598 Views Asked by At

I have a query results I am trying to write into a Hive table which is on GCP, and pointing to GCS bucket path, but when I execute the saveAsTable() method, its failing with following error .

org.apache.spark.SparkException: Job 
 aborted.org.apache.spark.sql.execution.datasources.FileFormatWriter$.write(FileFormatWriter.scala:226)
org.apache.spark.sql.execution.datasources.InsertIntoHadoopFsRelationCommand.run(InsertIntoHadoopFsRelationCommand.scala:154)
org.apache.spark.sql.execution.command.DataWritingCommandExec.sideEffectResult$lzycompute(commands.scala:104)
org.apache.spark.sql.execution.command.DataWritingCommandExec.sideEffectResult(commands.scala:102)
org.apache.spark.sql.execution.command.DataWritingCommandExec.doExecute(commands.scala:122)
org.apache.spark.sql.execution.SparkPlan$$anonfun$execute$1.apply(SparkPlan.scala:131)
org.apache.spark.sql.execution.SparkPlan$$anonfun$execute$1.apply(SparkPlan.scala:127)
org.apache.spark.sql.execution.SparkPlan$$anonfun$executeQuery$1.apply(SparkPlan.scala:155)
org.apache.spark.rdd.RDDOperationScope$.withScope(RDDOperationScope.scala:151)
org.apache.spark.sql.execution.SparkPlan.executeQuery(SparkPlan.scala:152)
org.apache.spark.sql.execution.SparkPlan.execute(SparkPlan.scala:127)
org.apache.spark.sql.execution.QueryExecution.toRdd$lzycompute(QueryExecution.scala:80)
org.apache.spark.sql.execution.QueryExecution.toRdd(QueryExecution.scala:80)
org.apache.spark.sql.DataFrameWriter$$anonfun$runCommand$1.apply(DataFrameWriter.scala:656)
org.apache.spark.sql.DataFrameWriter$$anonfun$runCommand$1.apply(DataFrameWriter.scala:656)
org.apache.spark.sql.execution.SQLExecution$.withNewExecutionId(SQLExecution.scala:77)
org.apache.spark.sql.DataFrameWriter.runCommand(DataFrameWriter.scala:656)
org.apache.spark.sql.DataFrameWriter.saveToV1Source(DataFrameWriter.scala:273)
org.apache.spark.sql.DataFrameWriter.save(DataFrameWriter.scala:267)
org.apache.spark.sql.DataFrameWriter.save(DataFrameWriter.scala:225)

Here is my code:

  sparkSession.sql(eiSqlQuery)
      .repartition("col_1")
      .write
      .mode(if(AppConfig.isHistoryLoad) Overwrite else Append)
      .partitionBy("col_2")
      .saveAsTable("hive_schema.hive_table_name")

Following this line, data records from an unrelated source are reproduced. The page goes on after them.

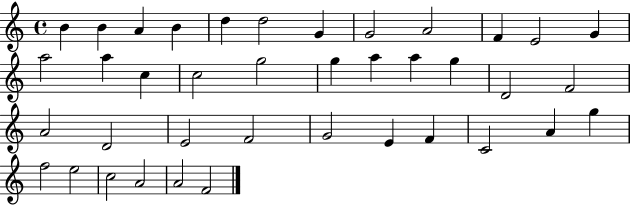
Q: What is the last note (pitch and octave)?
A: F4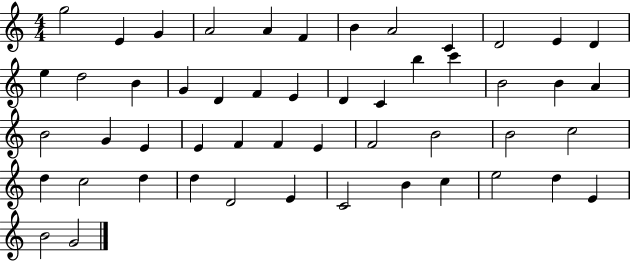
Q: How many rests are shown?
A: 0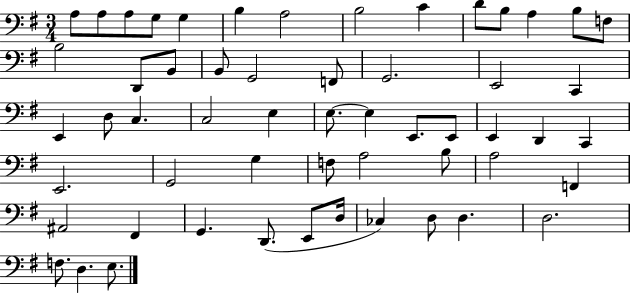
X:1
T:Untitled
M:3/4
L:1/4
K:G
A,/2 A,/2 A,/2 G,/2 G, B, A,2 B,2 C D/2 B,/2 A, B,/2 F,/2 B,2 D,,/2 B,,/2 B,,/2 G,,2 F,,/2 G,,2 E,,2 C,, E,, D,/2 C, C,2 E, E,/2 E, E,,/2 E,,/2 E,, D,, C,, E,,2 G,,2 G, F,/2 A,2 B,/2 A,2 F,, ^A,,2 ^F,, G,, D,,/2 E,,/2 D,/4 _C, D,/2 D, D,2 F,/2 D, E,/2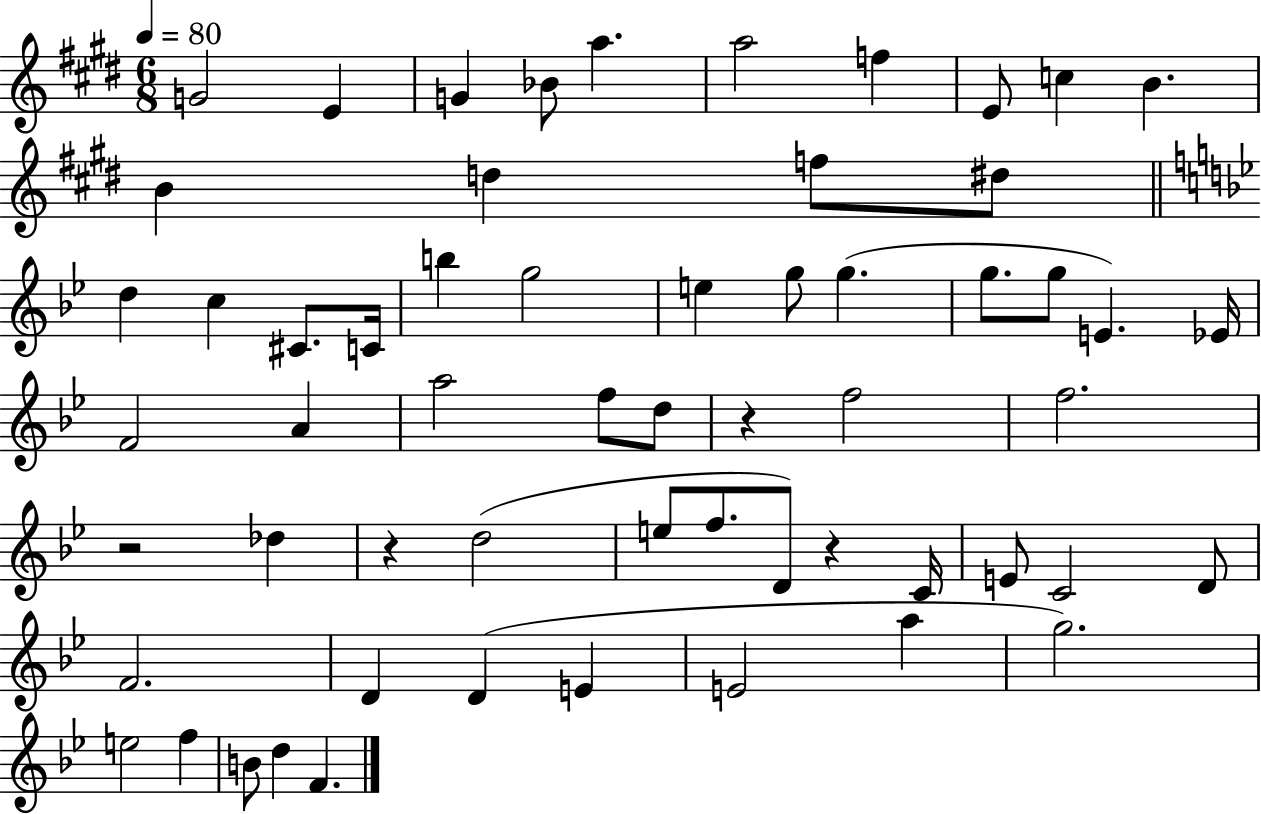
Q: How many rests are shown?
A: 4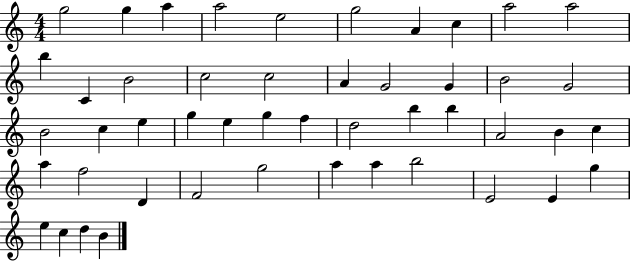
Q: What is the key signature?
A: C major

I have also tried to pass the parquet path instead of saveAsTable and also create the table first and tried insertInto as well, all failing with the following error.

What are my other options here?

1

There are 1 best solutions below

0
On

First, you need a SparkSession with Hive enabled, for example:

// Scala
val spark = SparkSession
    .builder()
    .appName("Spark Hive Example")
    .config("spark.sql.warehouse.dir", warehouseLocation)
    .enableHiveSupport()
    .getOrCreate()

then you should be able to create Hive tables, for example (note the USING hive part in the SQL):

// Scala
sql("CREATE TABLE IF NOT EXISTS my_table (key INT, value STRING) USING hive")

then you can save dataframe into the table:

// Scala
df.write.partitionBy("key").format("hive").saveAsTable("my_table")

see Spark Hive Tables and the example code.